The numbers Branch presents are interesting. The chart below reproduces them. The stats compare Harbaugh's first seven NFL seasons with Smith's first six seasons. Harbaugh played for better teams in Chicago under Mike Ditka and Dave Wannstedt. His 35-30 starting record reflects as much. But the raw stats are remarkably similar. Smith has played in an era friendlier to the passing game.
Harbaugh has nothing to lose from bringing back Smith for one season while grooming rookie Colin Kaepernick. If Smith fails to impress, what's new? If Smith impresses, Harbaugh has succeeded in the short term without compromising long-term plans. Either way, Harbaugh is just getting started. He has a five-year contract and everyone knows this is a transition season, particularly with the lockout.
Smith still generates groans from a large contingent of 49ers fans, including Patrick, who pointed out Branch's piece to me on Facebook.
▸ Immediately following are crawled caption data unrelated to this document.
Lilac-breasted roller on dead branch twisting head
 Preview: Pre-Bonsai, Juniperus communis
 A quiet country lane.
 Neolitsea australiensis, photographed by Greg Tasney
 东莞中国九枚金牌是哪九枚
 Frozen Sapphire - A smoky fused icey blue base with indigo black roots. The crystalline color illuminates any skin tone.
I get it, but it's helpful to grasp the difference between signing Smith for one season and committing to him. One year does not constitute a commitment. It constitutes a low-risk bet during a lockout that is complicating efforts to seek viable alternatives.
Now, on to the chart. Harbaugh put up much better numbers after leaving the Bears, earning Pro Bowl honors one season. He had 79 touchdown passes with 61 interceptions with Indianapolis, Baltimore and San Diego. But his starting record after leaving Chicago was only 31-44. Quarterbacks are hugely important, but football is still a team sport.